Tuesday, February 16, 2010

Circumference of Me




Hiccups are no big deal


It’s important for managers -- in business and in life -- to learn what mistakes are important and what are merely hiccups in life.

A hiccup is here and gone. It is not a permanent condition. A single hiccup occurrence leaves no permanent damage and few people remember you ever had it.
A business hiccup is . . .
 An email sent without its intended attachment.
 A typographical error in a report.
 Writing down the wrong time for a meeting.
 Missing a minor deadline.

Life hiccups include:
 Forgetting the name of the restaurant where you are meeting your significant other.
 Forgetting something on the grocery list.
 Men: Forgetting to put down the toilet seat ... or worse, not putting it up in the first place.
 Women: Griping at men for not putting up or down the toilet seat.

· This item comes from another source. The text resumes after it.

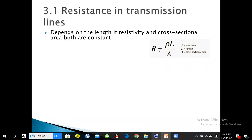Since secondary high school, we know that to calculate resistance you must know the resistivity, length of wire, and cross-sectional area. If we have these three things, we can calculate the resistance.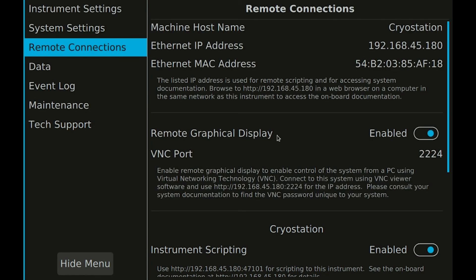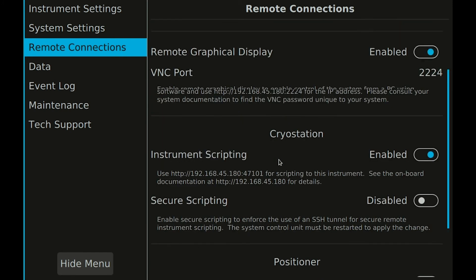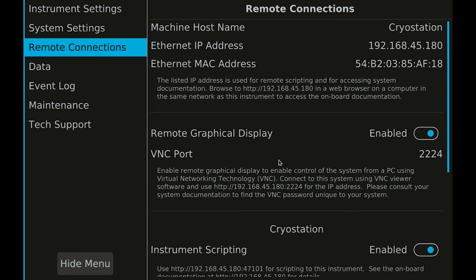The remote graphical display feature can be enabled to allow you to operate the user interface from your computer using virtual networking technology. Instrument scripting can be toggled on or off for each individual instrument in your system. Instrument scripting provides programmatic control of your instrument and is very useful for real-time data logging and remote scripted control synchronized with your other lab equipment. Your system's IP address and MAC address are also found here. Additional onboard service notes and documentation about controlling your system remotely can be found by navigating to your system's IP address in your web browser.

There is a major chasm between a hiccup and a certified disaster.

It is a frightful part of human nature that some people cannot differentiate between the a hiccup and a disaster. A temporarily misplaced report arouses the same reactions in some people as does a lost account.

For active, multi-tasking managers in business and in life, hiccups are like mosquitoes in swampy areas, they are going to pop up no matter what you do. Hiccups, while aggravating, don’t ever make or break careers. That is reserved for the reactions of those who do the hiccupping or evaluate their effect on the business.

Swallow the hiccup by acknowledging it as a mistake, apologize if necessary, and get on to more important issues.

There will be bumps long life's path. A bump is a bump. Don’t make it bigger than it is and don’t allow it to ruin the journey.

Circumference of Me is a book in progress by Steve Burnett of New York City and George Smith of Cabot, Arkansas.